Ekolojik ayak izi kısaca belirli bir nüfusun doğaya yükünü hesaplamak amacıyla oluşmuş bir yöntemdir. Dünyada üretim yapılabilen alanları, dünyada yaşayan nüfusa oranladığımızda ortaya çıkan değer, bir insanın barınmasını, beslenmesini, ısınmasını sağlayan ve oluşan atıkları etkisiz hale getiren kara ve deniz alanlarıdır yani bir kişinin ortalama ekolojik ayak izidir.

Nüfus artışı, toprağın bozulması, git gide artan enerji maliyetleri, içilebilir tatlı suyun azalması gibi sebepler biyolojik kapasitenin her geçen gün azalmasına sebep oluyor. 1961’de toplam ayak izinin karbon salınımı ayağı %36 iken 2010 yılında bu oran %53’e kadar çıkmış durumda. Fosil yakıtların yanması ile açığa çıkan karbon, ekolojik ayak izinin en büyük bileşenlerinden birini oluşturuyor.
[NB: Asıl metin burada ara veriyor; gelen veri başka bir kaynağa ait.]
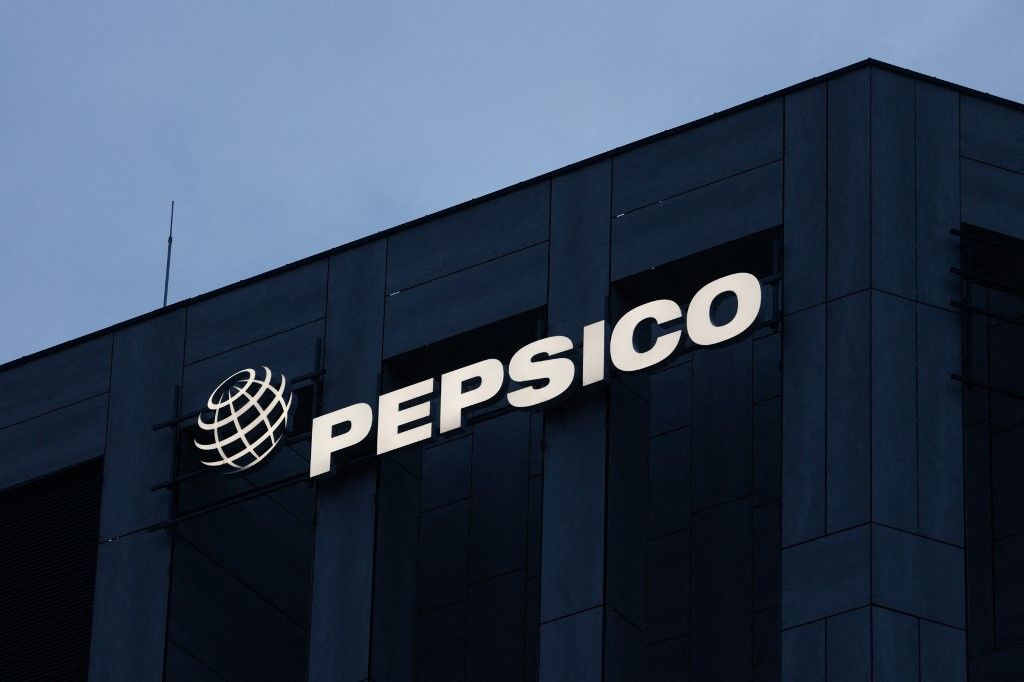 Pepsico logo is seen at the office building in Krakow, Poland on February 22, 2024. (Photo by Jakub Porzycki/NurPhoto) (Photo by Jakub Porzycki / NurPhoto / NurPhoto via AFP)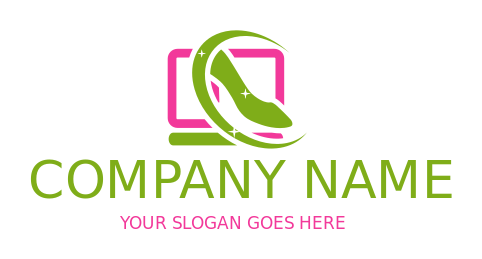 apparel logo shoe with swoosh on laptop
Her geçen gün artan endüstri ve motorlu taşıtların fazlalaşması ile de bu oran giderek artıyor ve gezegenimize daha büyük çapta  zarar vermeye devam ediyor. 

Karbon salımı, doğal kaynakların tüketilmesi ve yerine konulmaması sonucunda artarak dünyanın biyoçeşitliliğine ve doğrudan dünyadaki yaşama zarar veriyor. Karbon salımı, orman alanlarının kereste için kullanılması ve tarım arazisi açmak için yok edilmesi, yasak avlanma, denizlerin kapasitesinden fazla balık avı ve artan sanayi sebebi ile açığa çıkan karbon ile artıyor. Dünya nüfusunun 2050’de 9,6 milyara, 2100’de ise 11 milyara ulaşmasıyla kişi başına düşecek biyolojik kapasite miktarı daha da azalacaktır.

Küçük bir hatırlatma yapmak gerekirse yenilenebilir enerji kaynaklarını kullanmak karbon salınımını düşürecektir. Bireysel olarak da bazı küçük önlemler alarak karbon ayak izi küçültülebilir. Buna gereksiz ışıkları kapatmakla başlayabilirsiniz. Küçükte olsa bir adım atmak kollektif bir bilince ulaşıldığında kocaman bir adıma dönüşebilir.